If you start a transaction, read from a table... and then keep the transaction open for a long time. Getting shared lock exceptions from other clients trying to modify this locked table is "as expected".

Taking a look at an example exception:

"NexusDB: tbAppel: Lock time out.
The requested exclusive transaction lock for table "APPELS" could not be
granted due to a conflicting shared transaction lock.

The conflict occurred with the following session:

Connected since : 10/06/2005 09:24:59
anonymous User
Connected from :[2809/10249]"

What is happening here is quite simple:

You tried to modify tbAppel. No matter if that happens during in explicit transaction or the implicit transaction that is started inside Post if you didn't have an explicit transaction, you need to acquire an exclusive (= read/write) transaction lock on this table. It was not possible to acquire this lock instantly, so the server started to wait for any conflicting locks to be removed one way or another. After waiting for <timeout> msecs the server returned with a "Lock time out" error, informing you that another session currently is holding a shared transaction lock on that table. The other session connected to the server at 10/06/2005 09:24:59. No username was specified. The connection originated from the computer with the IP

The only reason why that other session would be holding a shared transaction lock for that time is that the other session called StartTransaction, then read from the table "APPELS" and didn't either commit or rollback this transaction inside the time that your session had been waiting, trying to acquire the exclusive lock required to modify that table.
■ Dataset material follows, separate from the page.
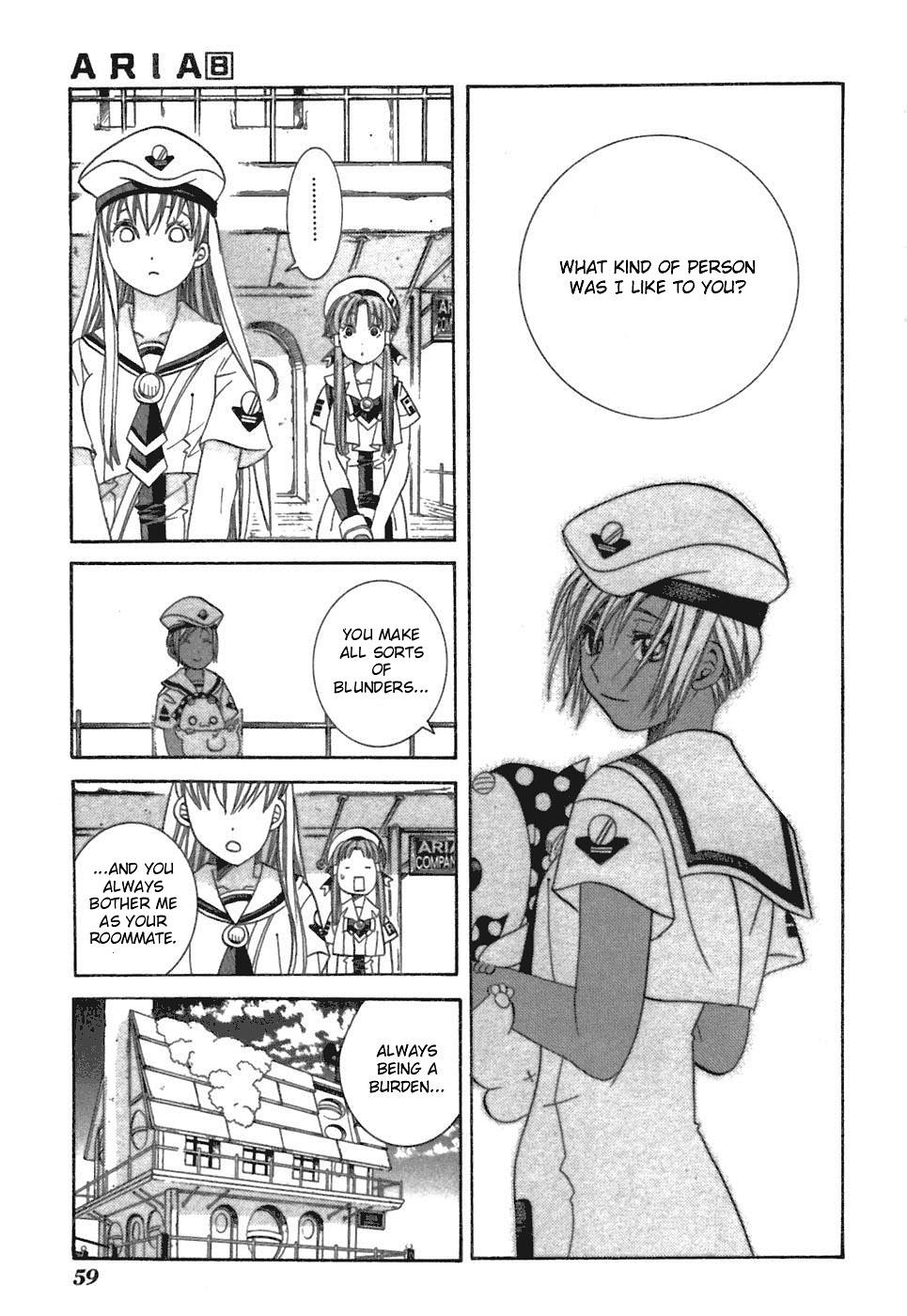 Read Aria ENGLISH Manga Online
There is no bug here. All that you are seeing is expected behaviour given the way your software is written. You have 3 options here:

  • make sure the session doesn't keep a transaction open for that long. Make sure all explicit transactions are wrapped into a try finally block that either commits or rollback them. Mostly these error occur though if a user is putting a record into edit mode and then e.g. goes out for lunch. (Never have a transaction who's lifetime depends on user interaction).
  • if there is no important dependency between the tables that the session is modifying inside the transaction and the information it reads from the "APPELS" table that requires enforcement of transaction isolation: create 2 different TnxDatabase instances, both using the aliasname/aliaspath, attach the tables that should be part of the transaction to one of them, attach the tables that you use for reading information which doesn't require enforcing of transaction isolation to the 2nd.
  • implement proper exception handing in all your clients to automatically retry operations that timed out and give the user visual feedback that a lock conflict exist with another session and where that other session originates while you keep automatically retrying the operation until it succeeds or the user aborts the operation.